Revugator

An article on online reviewers has prompted me to get off my ass and write up some thoughts that have been percolating in my head for a few days.

If you are an enthusiastic consumer, there is no shortage of opportunities for you to write up reviews of the products you love or hate. Epinions has built a business out of hosting reviews. For Amazon, reviews are one advantage that it has over bricks-and-mortar retail outlets. And there are lots of other venues for reviews.

In some ways, though, a blog would be a better tool for writing reviews: you own the review, not the site hosting it. You’ve got all your reviews together in one place. Once you wrote the review, though, you’d want people to be able to see it at Amazon (or wherever), so there would need to be a review-aggregation mechanism. Austin Bloggers already works this way, more or less. I have Movable Type set up so that whenever I write a post in the “Austin” category, my blog pings Austin Bloggers, and Austin Bloggers creates a link back to my blog. And with All Consuming (which is very cool), we’ve got the nucleus of something like this happening.

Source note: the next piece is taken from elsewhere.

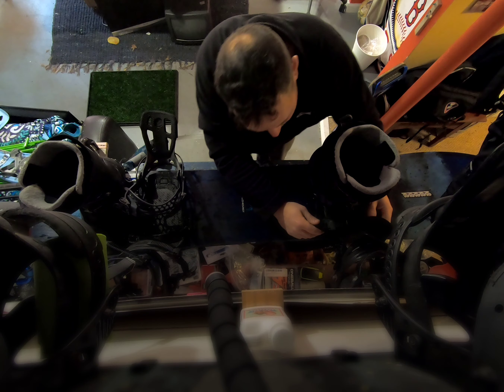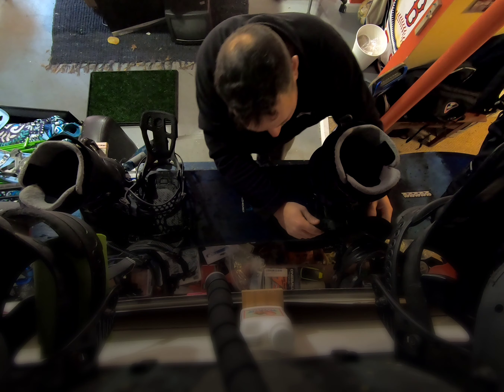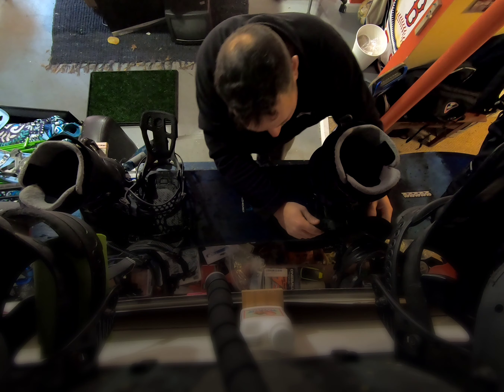Setting up for a successful first day on the mountain with your Flow bindings. These are my Flow NXTs with the carbon — they're fantastic, absolutely love them. These are super dialed in.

But this is an area where the blogosphere needs to move forward if blogs are going to become a vehicle for reviews. Let’s look at what needs to happen:

Review profiles
Currently, blogs are set up as general-purpose writing tools: they don’t have specific fields for specific bits of information. Movable Type is going to come out with a “Pro” version that will support custom fields. I think of a set of custom fields as a “profile,” and I think this is the next thing in blogging. Bloggers writing reviews will need a “review profile” in their blogs with fields for the item code and rating.
Identifier
There needs to be some uniform way to refer to the product. This could be something like a uniform product code or an ASIN (though I don’t think this would work for movies). And there needs to be a standard way to enter this and publish this in a blog. As a practical matter, there might need to be multiple identification schemes; you would identify both the item and the scheme (eg, “this product code 12345, and I am using the Amazon standard identification number scheme”).
Ratings vocabulary
Not everyone uses the same scale for ratings. Some would give a simple thumbs-up/thumbs-down. Others would give several numeric ratings for different aspects of a single product. In order for what review aggregation to work, there needs to be a uniform ratings vocabulary. Again, there should be a standardized field for this.
Aggregation API
Amazon already has a public API. There should be a mechanism for pinging Amazon (or whoever) “hey, I’ve written a review” so that it can aggregate your review into it’s product listings. Although All Consuming is run by an Amazon employee, even reviews posted there do not get into the Amazon database.
Feedback mechanism
Amazon makes it possible to indicate whether a review-reader finds a review helpful; Epinions goes further, and lets the reader write a review of the review. There would need to be something like trackback to get this information back into your review.

In theory, all this data structuring could be avoided if the aggregating entities used million-dollar search instead of million-dollar markup. It might be possible to just include a reference to an ASIN in a blog entry, ping Amazon, and have it figure out “hey, that’s a review of such-and-such” and to further use natural-language processing to figure out whether I liked it or not.